Spike-timing dependent plasticity

STDP, rate-based plasticity and neural noise in evolved agents

Spike-timing synaptic plasticity (STDP) has been a hot research topic in neuroscience over the last 5 years. This mechanism affect synaptic stregth asymmetrically depending on the precise relative timing between pre- and post-synaptic spikes at the millisecond range (left). There is much debate regarding the function of STDP on regulating plasticity at much longer perceptual and behavioural timescales. Investigating the role of STDP in full embodied agents can be a way of resolving some of these issues. It is however, impossible to design such circuits by hand due to the large range of timescales involved. The task is even more complex if we want to investigate the role of neural noise. Fortunately, it may be possible to use evolutionary robotics to synthesize such STDP-based neurocontrollers.
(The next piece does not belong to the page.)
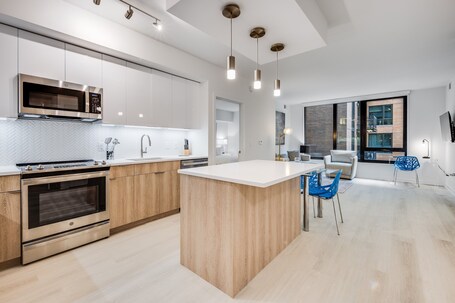 Global Luxury Suites at Capitol Hill - Image 71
Comparative studies have been carried out for different kinds of plastic neural networks with low and high levels of neural noise. In all cases, the evolved controllers are highly robust against internal synaptic decay and other perturbations. The importance of the precise timing of spikes is demonstrated by randomizing the spike trains. In the low neural noise scenario, weight values undergo rhythmic changes at the mesoscale due to bursting, but during periods of high activity they are finely regulated at the microscale by synchronous or entrained firing. Spike train randomization results in loss of performance in this case. In contrast, in the high neural noise scenario, robots are robust to loss of information in the timing of the spike trains, demonstrating the counterintuitive results that plasticity, which is dependent on precise spike timing, can work even in its absence, provided the behavioral strategies make use of robust longer-term invariants of sensorimotor interaction. A comparison with a rate-based model of synaptic plasticity shows that under similarly noisy conditions, asymmetric spike-timing dependent plasticity achieves better performance by means of efficient reduction in weight variance over time. Performance also presents negative sensitivity to reduced levels of noise, showing that random firing has a functional value.

Di Paolo, E. A., (2002). Spike timing dependent plasticity for evolved robots in Adaptive Behavior 10 (3/4). pp 243-263.
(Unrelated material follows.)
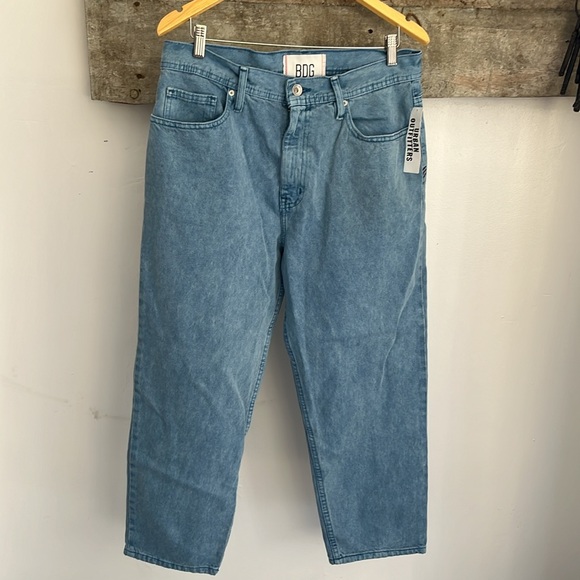 🆕🏷️ BDG straight leg jeans - Picture 2 of 6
Single-trial learning using STDP

Single-trial learning is studied in an evolved robot model of STDP. Robots must perform positive phototaxis but must learn to perform negative phototaxis in the presence of a short-lived aversive sound stimulus. STDP acts at the millisecond range and depends asymmetrically on the relative timing of pre- and post-synaptic spikes. Although it has been involved in learning models of input prediction, these models require the iterated presentation of the input pattern, and it is hard to see how this mechanism could sustain single-trial learning over a time-scale of tens of seconds. An incremental evolutionary approach is used to answer this question. The evolved robots succeed in learning the appropriate behaviour, but learning does not depend on achieving the right synaptic configuration but rather the right pattern of neural activity. Robot performance during positive phototaxis is quite robust to loss of spike-timing information, but in contrast, this loss is catastrophic for learning negative phototaxis where entrained firing is common. Tests show that the final weight configuration carries no information about whether a robot is performing one behaviour or the other. Fixing weights, however, has the effect of degrading performance, thus demonstrating that plasticity is used to sustain the neural activity corresponding both to the normal phototaxis condition and to the learned behaviour.

Di Paolo, E. A., (2003). Evolving spike-timing dependent plasticity for single-trial learning in robots Philosophical Transactions of the Royal Society A. 361, pp. 2299 – 2319.